--- START ---
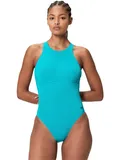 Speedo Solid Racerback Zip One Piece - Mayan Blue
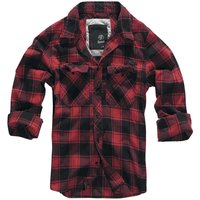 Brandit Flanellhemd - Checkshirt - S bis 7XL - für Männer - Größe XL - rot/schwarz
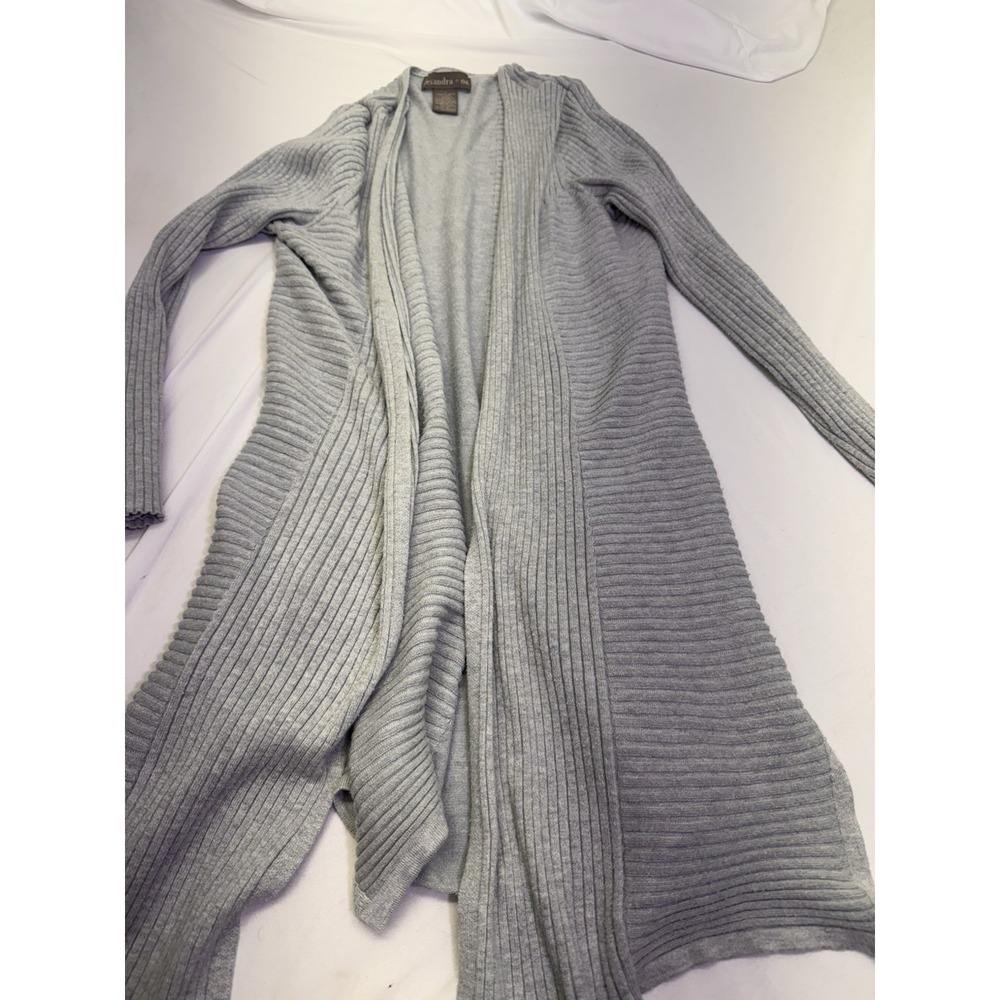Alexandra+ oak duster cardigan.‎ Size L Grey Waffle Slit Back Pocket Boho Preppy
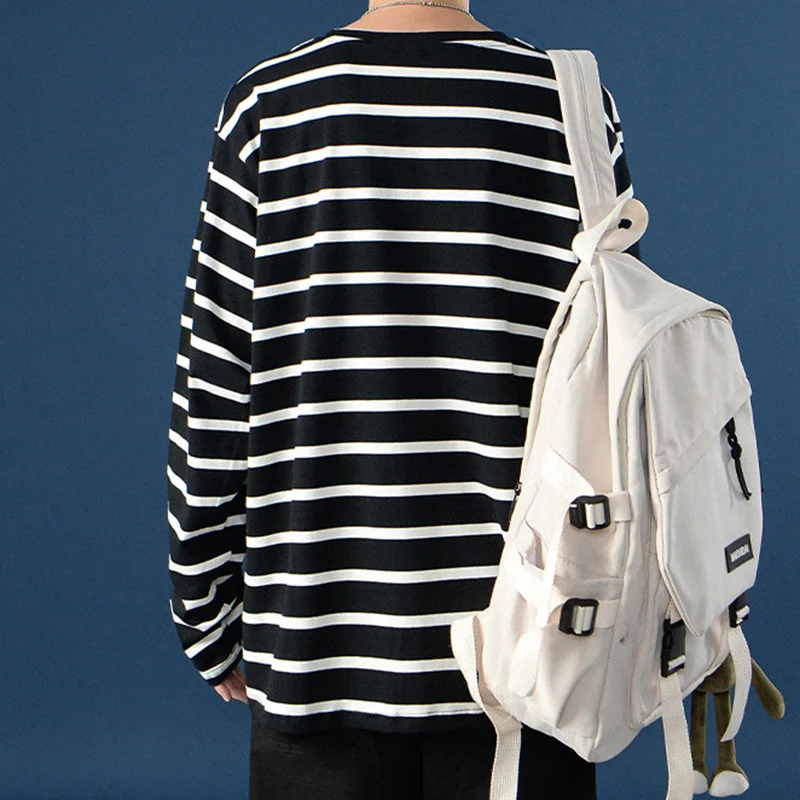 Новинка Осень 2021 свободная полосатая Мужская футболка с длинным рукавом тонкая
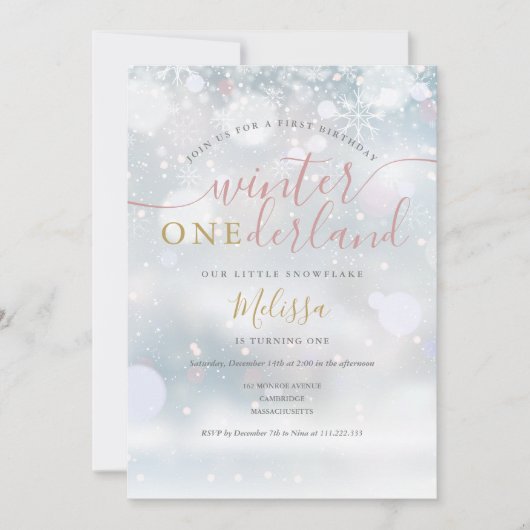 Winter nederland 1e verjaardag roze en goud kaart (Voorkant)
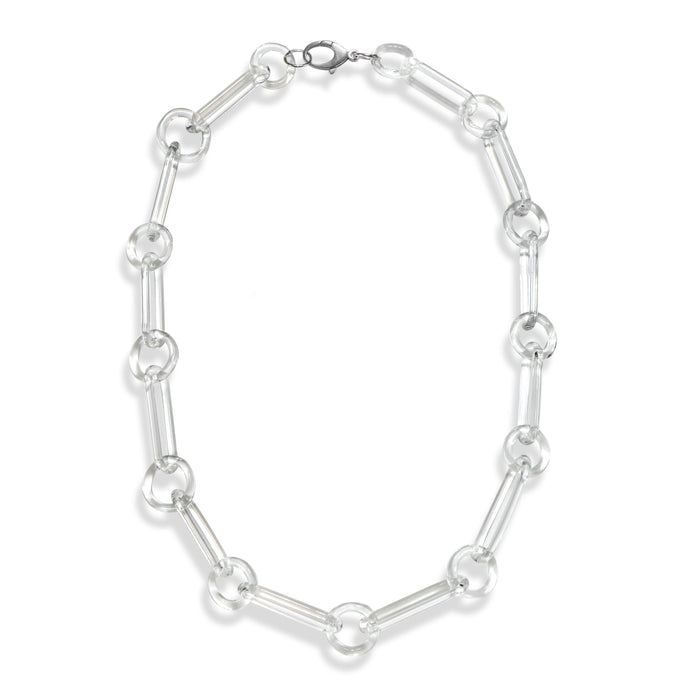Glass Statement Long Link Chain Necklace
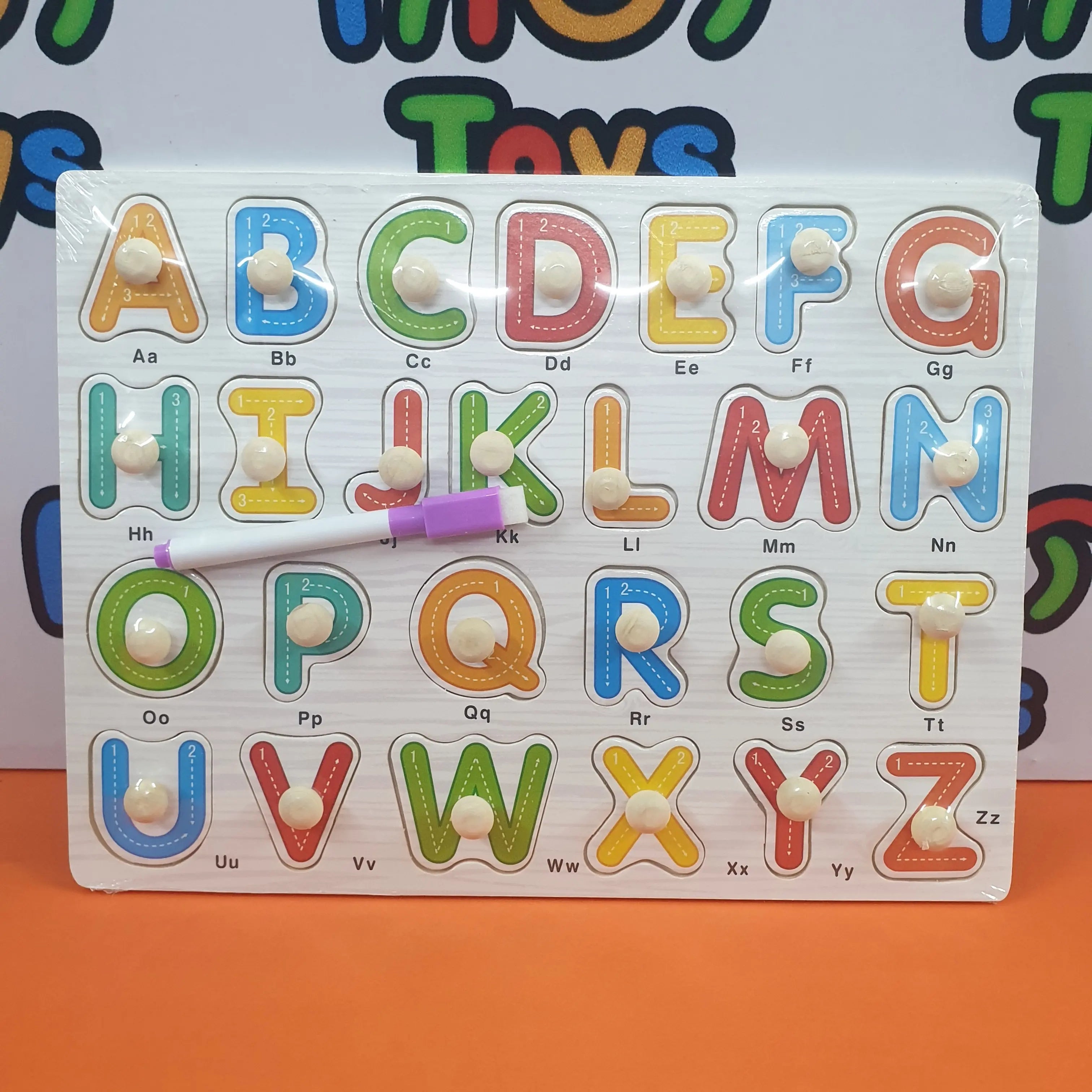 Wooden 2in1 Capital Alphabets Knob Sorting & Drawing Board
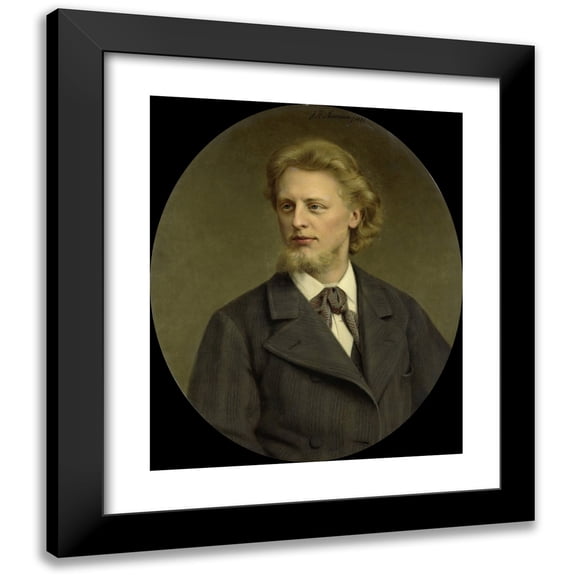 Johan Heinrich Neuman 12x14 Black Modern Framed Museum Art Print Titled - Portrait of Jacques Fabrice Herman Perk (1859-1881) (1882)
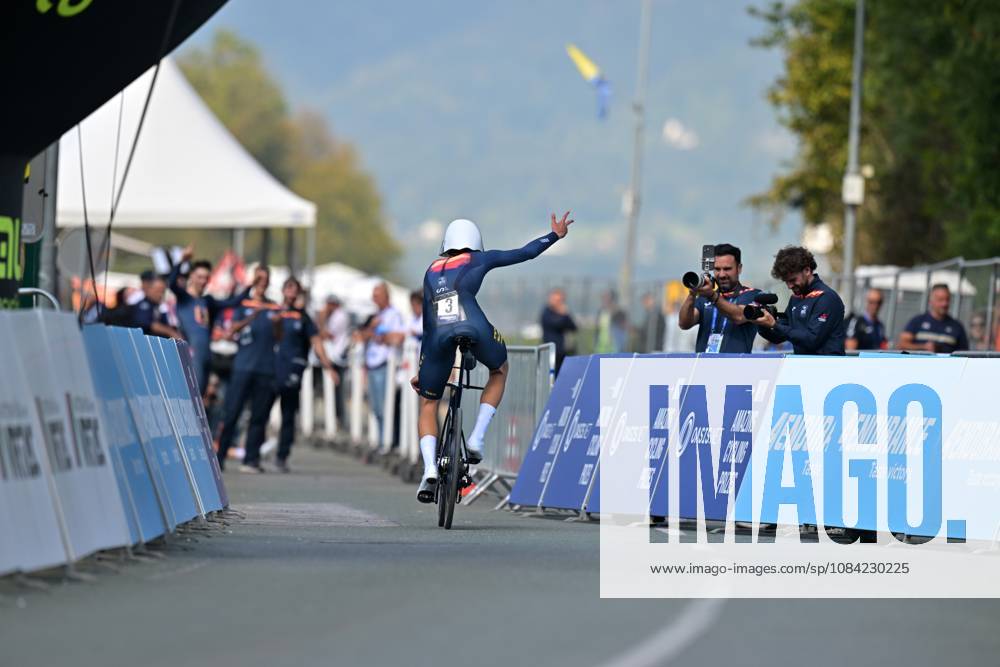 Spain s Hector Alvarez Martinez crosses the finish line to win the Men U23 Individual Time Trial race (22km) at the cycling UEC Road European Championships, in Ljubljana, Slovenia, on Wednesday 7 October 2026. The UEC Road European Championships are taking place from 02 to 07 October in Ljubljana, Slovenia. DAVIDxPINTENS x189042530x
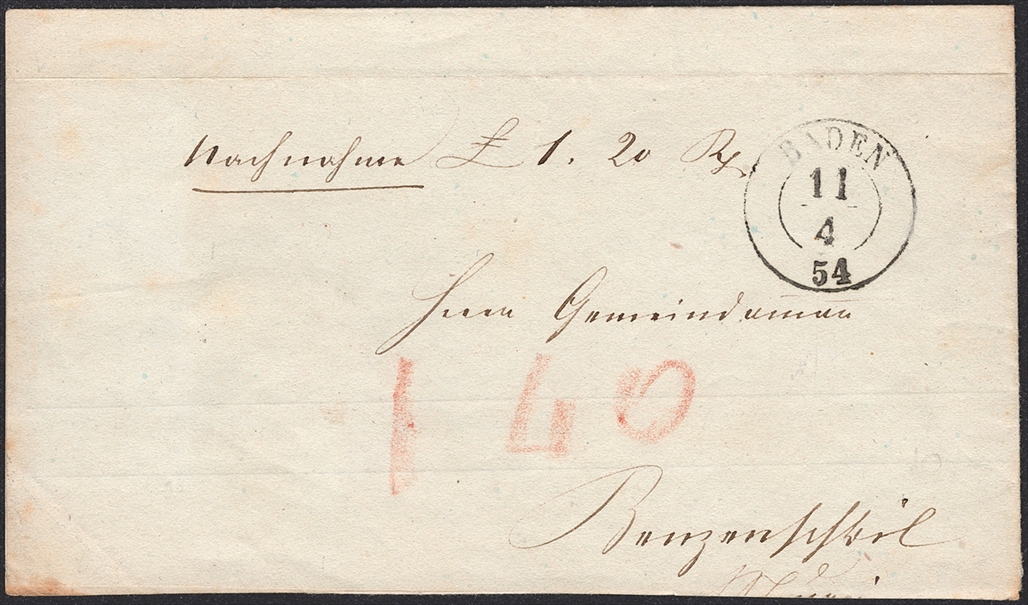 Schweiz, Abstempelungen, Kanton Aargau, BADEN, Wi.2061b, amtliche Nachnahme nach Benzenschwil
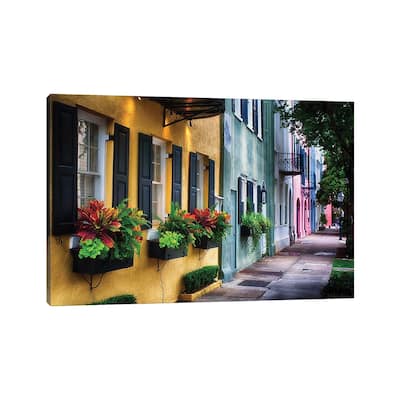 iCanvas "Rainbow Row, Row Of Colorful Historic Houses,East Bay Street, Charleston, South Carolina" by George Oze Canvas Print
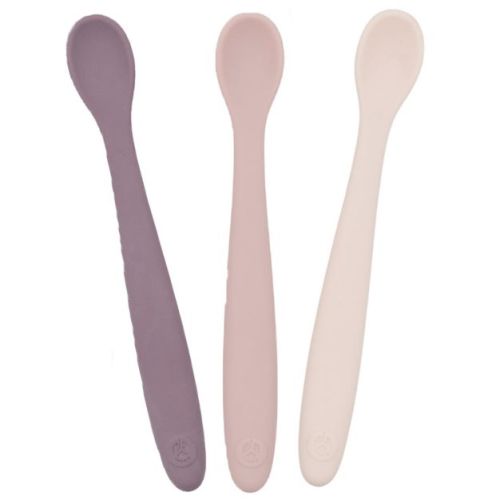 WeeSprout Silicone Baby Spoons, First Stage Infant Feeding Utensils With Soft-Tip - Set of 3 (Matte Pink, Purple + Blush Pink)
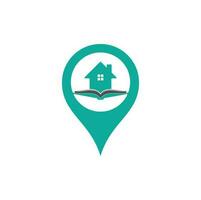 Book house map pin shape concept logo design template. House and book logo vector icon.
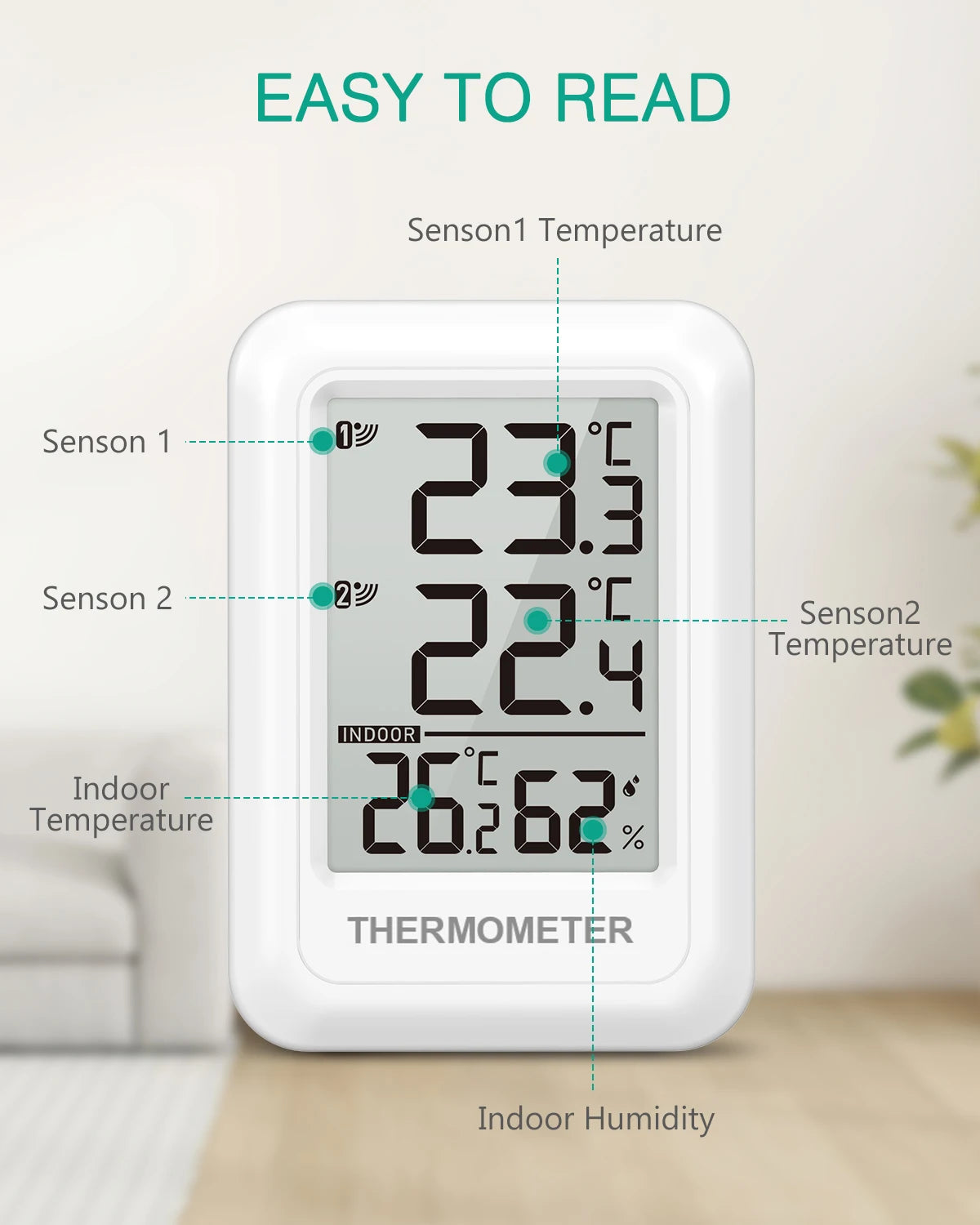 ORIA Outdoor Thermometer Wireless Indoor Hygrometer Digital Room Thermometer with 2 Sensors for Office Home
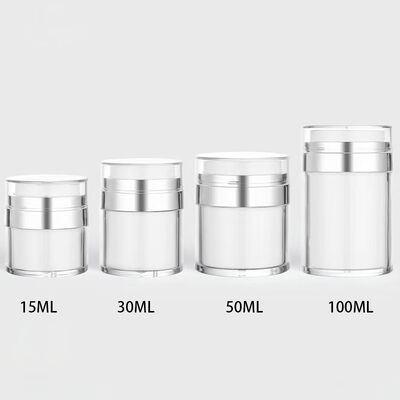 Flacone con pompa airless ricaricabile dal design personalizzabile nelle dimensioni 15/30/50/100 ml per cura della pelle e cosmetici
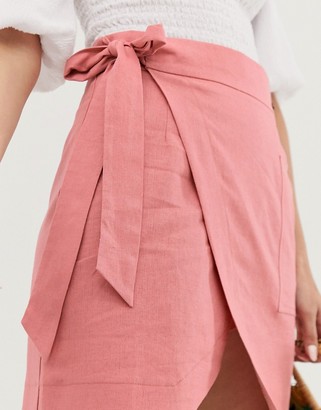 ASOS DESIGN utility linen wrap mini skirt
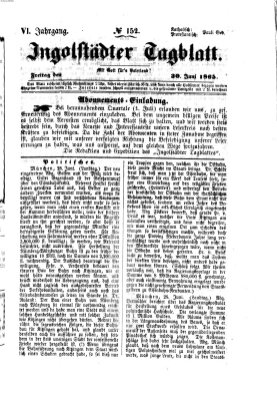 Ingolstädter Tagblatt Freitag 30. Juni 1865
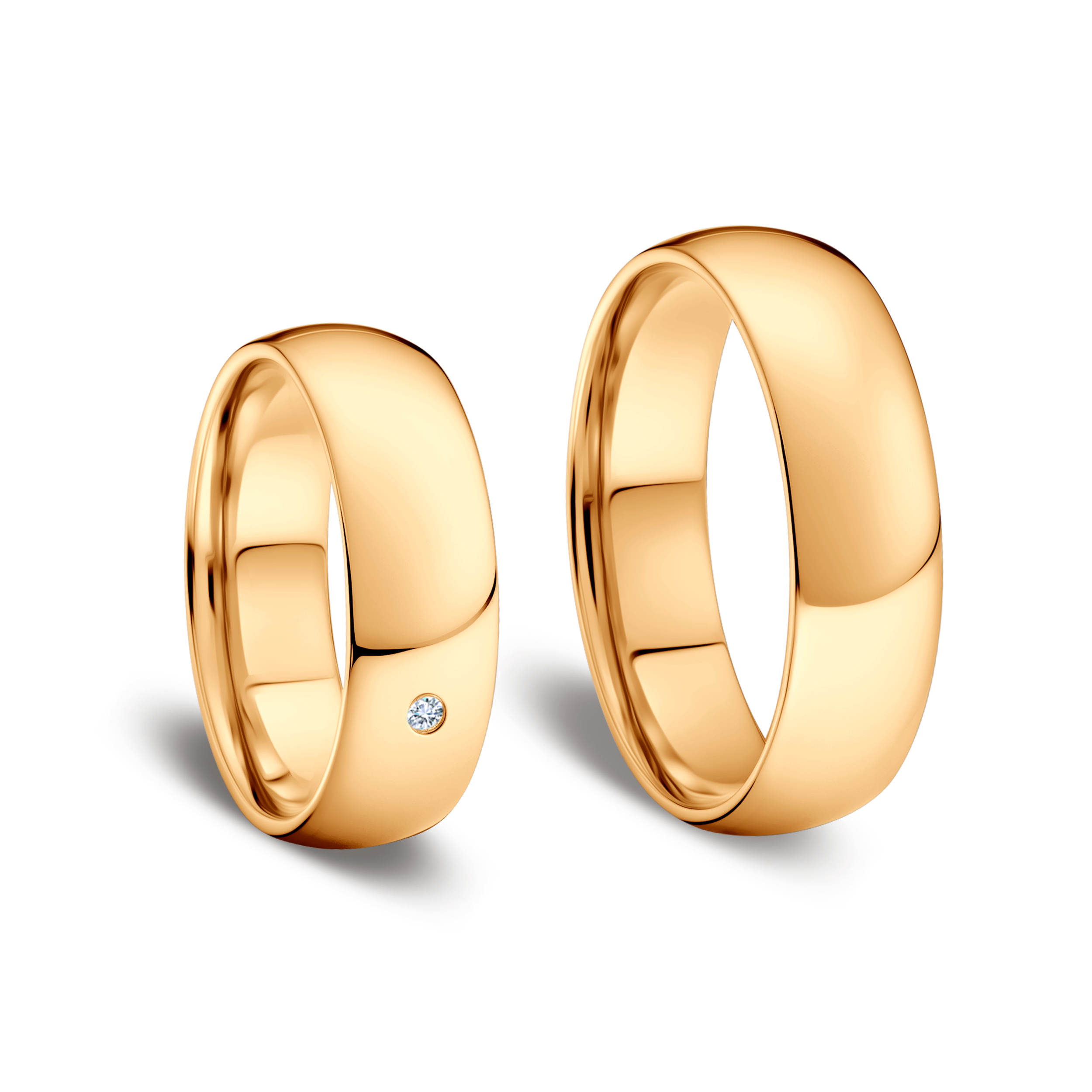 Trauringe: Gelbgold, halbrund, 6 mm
--- END ---
REQUIRED WORK:
All of the material above is to be retyped exactly, with no pictures included.

ANSWER AREA:
 Speedo Solid Racerback Zip One Piece - Mayan Blue
 Brandit Flanellhemd - Checkshirt - S bis 7XL - für Männer - Größe XL - rot/schwarz
Alexandra+ oak duster cardigan.‎ Size L Grey Waffle Slit Back Pocket Boho Preppy
 Новинка Осень 2021 свободная полосатая Мужская футболка с длинным рукавом тонкая
 Winter nederland 1e verjaardag roze en goud kaart (Voorkant)
Glass Statement Long Link Chain Necklace
 Wooden 2in1 Capital Alphabets Knob Sorting & Drawing Board
 Johan Heinrich Neuman 12x14 Black Modern Framed Museum Art Print Titled - Portrait of Jacques Fabrice Herman Perk (1859-1881) (1882)
 Spain s Hector Alvarez Martinez crosses the finish line to win the Men U23 Individual Time Trial race (22km) at the cycling UEC Road European Championships, in Ljubljana, Slovenia, on Wednesday 7 October 2026. The UEC Road European Championships are taking place from 02 to 07 October in Ljubljana, Slovenia. DAVIDxPINTENS x189042530x
 Schweiz, Abstempelungen, Kanton Aargau, BADEN, Wi.2061b, amtliche Nachnahme nach Benzenschwil
 iCanvas "Rainbow Row, Row Of Colorful Historic Houses,East Bay Street, Charleston, South Carolina" by George Oze Canvas Print
 WeeSprout Silicone Baby Spoons, First Stage Infant Feeding Utensils With Soft-Tip - Set of 3 (Matte Pink, Purple + Blush Pink)
 Book house map pin shape concept logo design template. House and book logo vector icon.
 ORIA Outdoor Thermometer Wireless Indoor Hygrometer Digital Room Thermometer with 2 Sensors for Office Home
 Flacone con pompa airless ricaricabile dal design personalizzabile nelle dimensioni 15/30/50/100 ml per cura della pelle e cosmetici
 ASOS DESIGN utility linen wrap mini skirt
 Ingolstädter Tagblatt Freitag 30. Juni 1865
 Trauringe: Gelbgold, halbrund, 6 mm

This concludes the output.